La ciencia griega tenía un defecto fatal: no incluía ningún mecanismo para imponer un consenso. Para los griegos, las comprobaciones experimentales de las conclusiones científicas no eran más relevantes que las comprobaciones experimentales de ideas políticas o estéticas. Las opiniones contrapuestas podían debatirse indefinidamente.
Se cuenta que cuando le explicaron el sistema Ptolemaico, el rey Alfonso X de Castilla dijo: Si Dios Todopoderoso me hubiera consultado antes de embarcarse en la Creación, le habría recomendado algo más simple.
El argumento era la simplicidad. La Tierra estaba “obviamente” quieta. Nadie notaba el movimiento. Si la Tierra se desplazaba y caía una piedra, ¿no quedaría atrás? Por otro lado, el sistema copernicano contradecía la Biblia, y dudar de ella ponía en peligro la salvación.
Fue Galileo quien introdujo la idea de que el único criterio para el juicio científico es la evidencia experimental. A partir de ahí fue cuando la ciencia empezó a progresar.

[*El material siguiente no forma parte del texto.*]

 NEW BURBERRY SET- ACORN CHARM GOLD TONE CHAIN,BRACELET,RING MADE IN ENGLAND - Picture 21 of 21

Para ganarse la calificación de ciencia fiable, una teoría debe tener muchas de sus predicciones confirmadas, sin un solo tropiezo. Esta exigencia es muy severa: una sola predicción fallida obliga a modificar o abandonar la teoría.
Pero esta exigencia se vuelve contra nosotros, pues estamos obligados a aceptarla aunque ente en conflicto con las intuiciones. Y ese es el caso de la teoría cuántica.